31 Areas Do Not Meet PM 2.5 Standards
EPA's nonattainment map. Click here or on image to enlarge.
The U.S. Environmental Protection Agency is designating 31 areas in 18 states as not meeting the agency's daily standards for fine particle air pollution (PM 2.5), or particulate matter. These areas, made up of 120 full or partial counties, were designated as "nonattainment" because their air quality monitoring data showed that they did not meet the agency's health-based standards.
Counties in California, New Jersey, New York, and Pennsylvania seem to be particularly affected. The good news is that 91 U.S. counties that were identified as nonattainment in December 2008 are now meeting the standards.
According to Rick Albright, head of EPA's air quality program in Seattle, these communities will need to develop their plans for reducing pollution by 2012 and demonstrate that they are meeting federal standards and are in "attainment" by fall of 2014.
The five nonattainment areas in the Northwest (Idaho, Oregon, Washington) and Alaska all have more air pollution problems in the winter from home heating sources including older wood stoves and oil furnaces. In addition, during stagnant weather conditions with cold temperatures and limited air movement, pollution may "pool" in an area rather than dissipate. In some areas, vehicles and industrial sources also contribute to high wintertime particulate matter levels.

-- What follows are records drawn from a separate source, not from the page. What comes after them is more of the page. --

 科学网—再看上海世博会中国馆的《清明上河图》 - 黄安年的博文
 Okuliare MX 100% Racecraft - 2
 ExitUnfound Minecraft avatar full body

EPA also announced that Juneau, Alaska and Pinehurst, Idaho, which were formerly designated as nonattainment, are now considered in attainment of the standards, based on the latest data.
In Region 5, EPA said Illinois, Indiana and Minnesota counties meet the standard. The agency notified the governors of Michigan, Ohio and Wisconsin that some counties in their states fail to meet the standard:
- Livingston, Macomb, Monroe, Oakland, St. Clair, Washtenaw and Wayne counties in Michigan;
- Cuyahoga, Lake, Lorain, Medina, Portage and Summit counties in Ohio;
- Stark and Jefferson counties in W. Va.;
- Milwaukee, Racine and Waukesha counties in Wisconsin.

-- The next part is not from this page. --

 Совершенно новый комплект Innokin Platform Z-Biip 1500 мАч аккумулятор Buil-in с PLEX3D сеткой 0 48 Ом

In December 2008, after closely reviewing recommendations from states and tribes along with public comments, EPA identified attainment and nonattainment areas based on air quality monitoring data from 2005 through 2007. The December 2008 designations were never published in the Federal Register
and have been under review. Because the 2008 air quality data is the most recent, EPA used this data to make final designations.
The new data also showed that four new counties in three states are violating the daily PM 2.5 standards, the annual PM 2.5 standards, or both. EPA will work with these four counties to evaluate air monitoring data and other factors to make final designations by early 2010.
Nonattainment areas include counties with monitors showing violations of the standards and the nearby areas that also contribute to that violation. Affected states and tribes will be required to take steps to reduce the pollution that forms fine particles. The majority of U.S. counties and tribal lands are meeting these standards, but will need to continue working to maintain clean air.
In 2006, EPA strengthened the 24-hour fine particle standards from 65 micrograms per cubic meter to 35 micrograms per cubic meter of air to protect public health. Nationwide, monitored levels of fine particle pollution fell 19 percent from 2000 to 2008. Fine particles can either be emitted directly from power plants, factories, and motor vehicles, particularly diesel trucks and buses, or they can form in the atmosphere from reactions of sulfur dioxide and nitrogen oxides.